Camino de las dos décadas de vida, parece que el aire vuelve a correr limpio, artística y personalmente, entre The Black Keys. Así lo demuestra su disco actual, el noveno ya, titulado Let’s rock, que es un intento bastante plausible de recuperar el espíritu del grupo manteniendo los riffs de guitarra infecciosos, la actitud roquista, los estribillos adhesivos y una potencia atronadora, propulsada por una batería colosal. Aunque, eso sí, dando la espalda al sonido sucio y garajero de los inicios, ya con el dúo asentado como uno de los combos mayoritarios de este siglo.

De entrada, el disco no ofrece ningún tipo de innovación estilística. Supone un regreso al blues acelerado que acabó convirtiéndose en rock’n’roll y que les convirtió en uno de los grupos punteros del género. Y suena clásico, primitivo, directo, sencillo y fresco, con el dúo tomando el asiento de Danger Mouse a la producción. “El disco es como un homenaje a la guitarra eléctrica. Adoptamos un enfoque directo, sencillo y prescindimos de aditivos como solíamos hacer”, según Carney.

Como una silla eléctrica El dúo persigue freír a su audiencia con una docena de temas eléctricos y directos. Y lo evidencian tanto en su título -Vamos a rockear, las últimas palabras que pronunció un reo estadounidense antes de fallecer el año pasado- como su portada, en la que se ve la silla eléctrica en la que murió tras una sobredosis de voltios.
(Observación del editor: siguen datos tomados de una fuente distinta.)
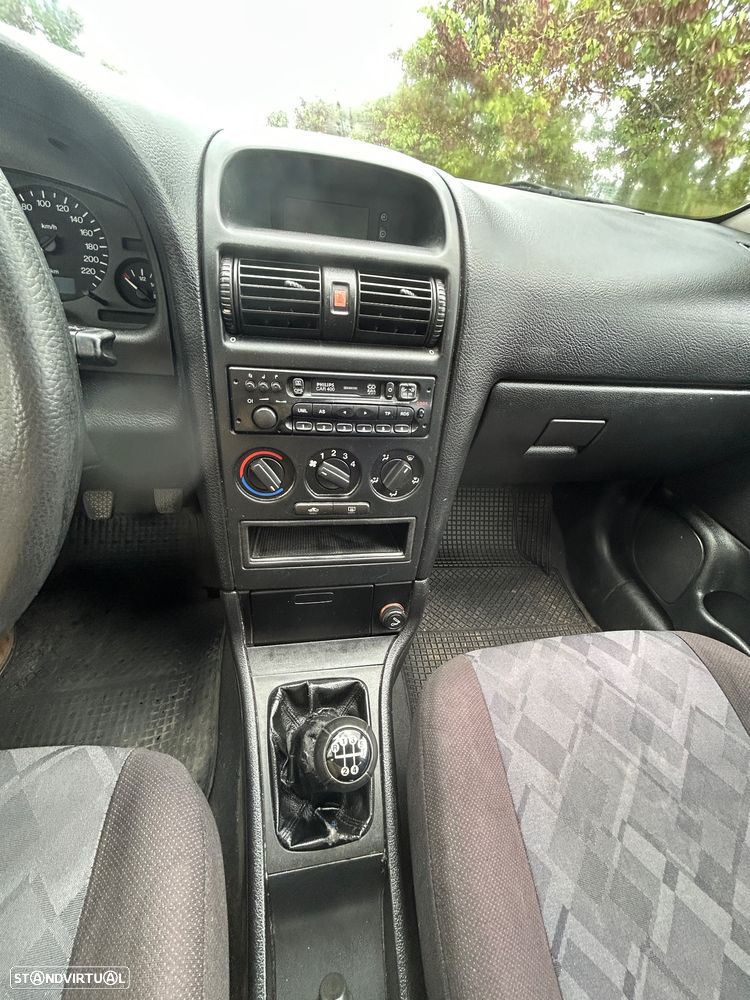 Opel Astra 1.2 Club - 13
Y lo logran principalmente gracias a dos canciones pegadizas e infecciosas como Lo/Hi, que resaltan la efectividad de los coros de las únicas colaboraciones externas del disco, las de Leisa Hans y Ashley Wilcoxson; y el single Go, un fogonazo corto y rutilante que rescata algo del garaje de sus inicios... pero con mejor sonido.

La vuelta a las esencias se advierte desde el arranque del álbum con Shine a light y prosigue con Eagle bird, un boggie que remite a los ZZ Top aunque con los amplificadores y el zumbido a medio gas. El resto del disco es como un tobogán que bucea en el rock maduro y templado de Tell me lies; híbridos a caballo entre The Beatles y los AC/DC de Every little thing; guitarras vintage y tradicionalistas en Get yourself together; guiños folk y Americana a lo Wilco en Walk across the water o homenajes a la Creedence en el arranque de la bonita y melosa Sit around and miss you.

Es cierto que la actitud y el sonido parecen domesticados si se compara el repertorio actual con el de sus agresivos inicios, como demuestran los aires pop de Breaking down, pero el álbum remonta al final con los cortes Under the gun y Fire walk with me. Sí, se les ven muchos sus costuras, las de ZZ Top, la Creedence, Lynyrd Skynyrd, AC/DC y, si se apura, hasta Led Zeppelin. ¿Y qué? Funciona aunque al disco le falte un Lonely boy o un Tighten up, pero les servirá para arrollar en su -segura- gira internacional de 2020.